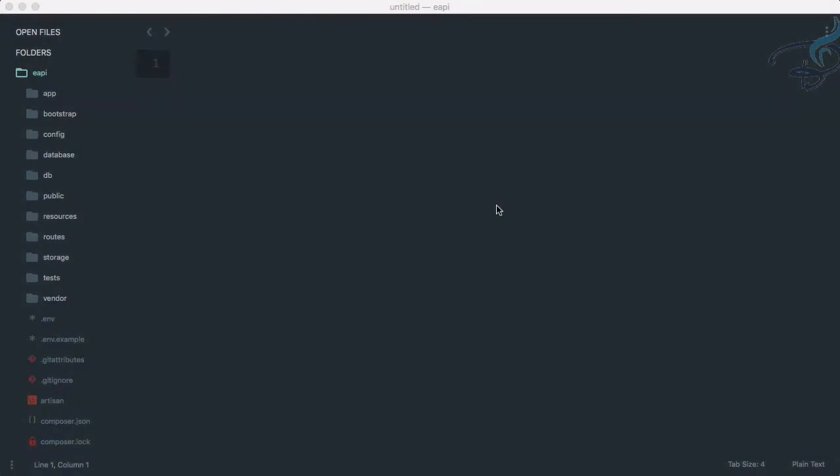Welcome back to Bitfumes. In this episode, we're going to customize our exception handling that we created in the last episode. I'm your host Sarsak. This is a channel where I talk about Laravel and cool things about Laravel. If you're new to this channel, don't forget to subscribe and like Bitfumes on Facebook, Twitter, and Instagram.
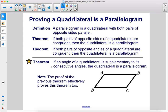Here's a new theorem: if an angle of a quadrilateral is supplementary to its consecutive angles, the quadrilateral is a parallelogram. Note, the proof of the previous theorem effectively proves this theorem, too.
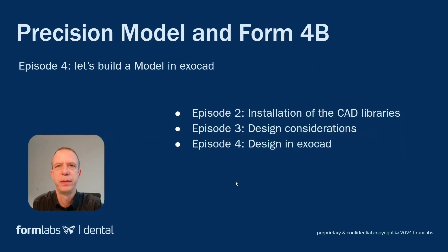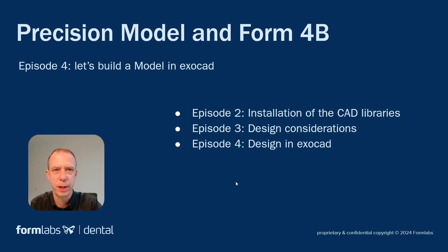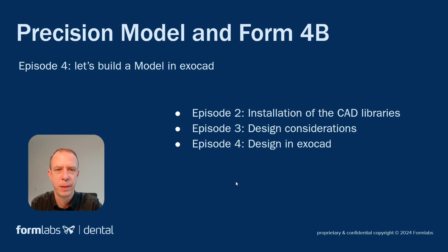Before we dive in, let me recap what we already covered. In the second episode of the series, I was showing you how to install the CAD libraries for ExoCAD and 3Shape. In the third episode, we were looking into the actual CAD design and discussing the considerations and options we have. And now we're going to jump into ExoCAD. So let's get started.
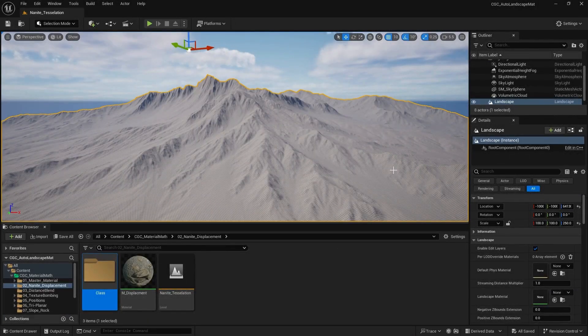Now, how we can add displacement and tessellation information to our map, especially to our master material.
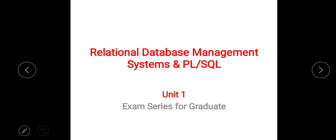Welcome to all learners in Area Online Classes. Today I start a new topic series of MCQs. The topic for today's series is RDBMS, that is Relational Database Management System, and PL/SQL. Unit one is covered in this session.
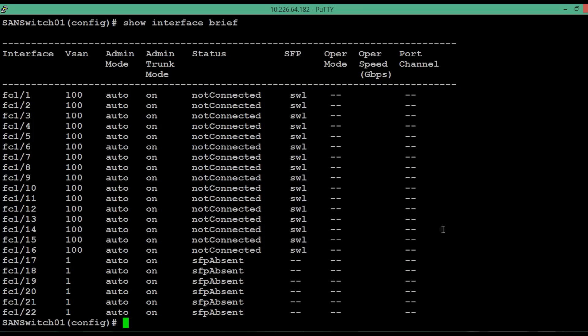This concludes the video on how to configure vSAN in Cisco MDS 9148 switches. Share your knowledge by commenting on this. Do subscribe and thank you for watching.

────────

Please repeat each record above precisely, with the pictures left out.

Welcome back to Bitfumes. In this episode, we're going to customize our exception handling that we created in the last episode. I'm your host Sarsak. This is a channel where I talk about Laravel and cool things about Laravel. If you're new to this channel, don't forget to subscribe and like Bitfumes on Facebook, Twitter, and Instagram.
Here's a new theorem: if an angle of a quadrilateral is supplementary to its consecutive angles, the quadrilateral is a parallelogram. Note, the proof of the previous theorem effectively proves this theorem, too.
Before we dive in, let me recap what we already covered. In the second episode of the series, I was showing you how to install the CAD libraries for ExoCAD and 3Shape. In the third episode, we were looking into the actual CAD design and discussing the considerations and options we have. And now we're going to jump into ExoCAD. So let's get started.
Now, how we can add displacement and tessellation information to our map, especially to our master material.
Welcome to all learners in Area Online Classes. Today I start a new topic series of MCQs. The topic for today's series is RDBMS, that is Relational Database Management System, and PL/SQL. Unit one is covered in this session.
This concludes the video on how to configure vSAN in Cisco MDS 9148 switches. Share your knowledge by commenting on this. Do subscribe and thank you for watching.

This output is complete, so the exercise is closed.